= John Wise (clergyman) =

American Christian clergy (1652–1725)

John Wise (August 15, 1652 - April 8, 1725) was a Congregationalist reverend and political leader in Massachusetts during the American colonial period. Wise was noted for his political activism, specifically his protests against British taxation, for which he was once jailed. As the pastor of the Chebacco Parish from 1680 to his death in 1725, Wise lived in Ipswich, Massachusetts, often called "the birthplace of American independence."

==Life==
Wise was born in Roxbury, Massachusetts, the son of Joseph and Mary (Thompson) Wise. Mary was daughter of Alice Freeman Thompson Parke.

He attended the Roxbury Latin School, in West Roxbury, Massachusetts, graduating in 1669. He then was admitted to Harvard College (now Harvard University). After graduating from Harvard in 1673, he began studying theology, and preached in Branford, Connecticut and Hatfield, Massachusetts.
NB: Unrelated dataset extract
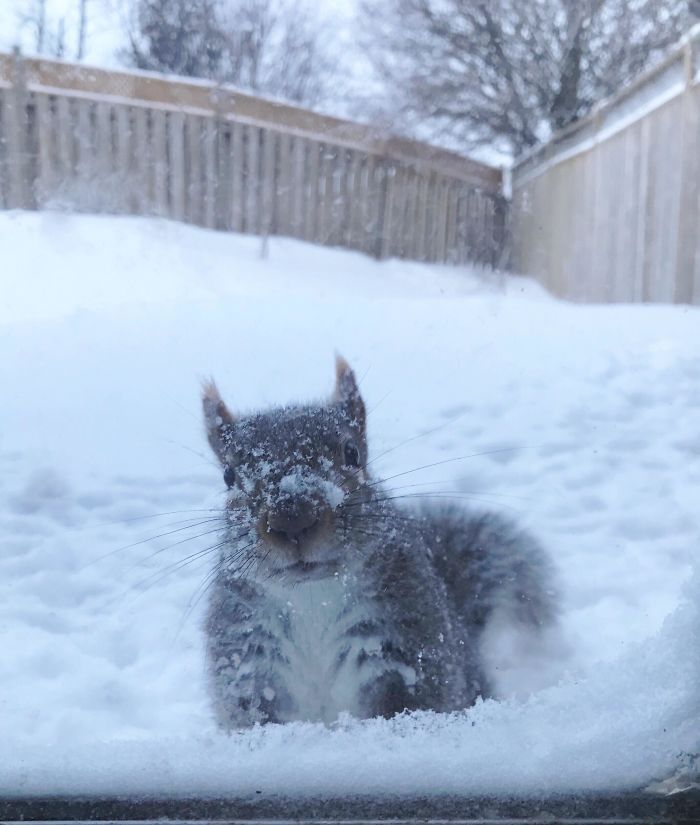 He Snowplowed His Way Here This Morning And Definitely Got Extra Treats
On August 12, 1683, Wise was ordained as the pastor of the newly organized Chebacco Parish, a new parish formed out of Ipswich.

In 1688, Wise led Ipswich citizens in a protest against royal governor Edmund Andros and colonial taxation, after the revocation of the Charter of the Massachusetts Bay Company in 1684 which was superseded by the Dominion of New England. Andros took a hard-line position to the effect that the colonists had left behind all their rights as Englishmen when they left England. When in 1687 Wise rallied his parishioners to protest and resist taxation, Andros had him arrested, convicted and fined. As an Andros official explained, "Mr. Wise, you have no more privileges Left you then not to be Sold for Slaves.".

Calvin Coolidge referred to him as one of the inspirations for the Declaration of Independence. John Wise Avenue, a section of Route 133 in Massachusetts, is named after him. Liberty ship , launched on June 14, 1942 and scrapped in 1971, was also named after him.

== Family ==
On December 5, 1678 he married Abigail Gardner, granddaughter of Thomas Gardner (Roxbury). They had seven children:
1. Rev Jeremiah Wise (November 2, 1679 - January 20, 1756) married Mary Shipway
2. Lucy Wise (born c. 1681 – March 5, 1727) married John White
3. John Wise (born c. 1683 – August 31, 1762) married Mary Rogers
4. Mary Wise (May 12, 1685 – March 23, 1735/36)
5. Joseph Wise (February 16, 1686 – September 23, 1745) married Martha Appleton
6. Amni Ruhami Wise (born c. 1688 – July 6, 1749) married Mary Ringe
7. Henry Wise (born c. 1697 – November 12, 1775) married Mary Wade

Through his wife, Rev John was a great-uncle of President John Adams.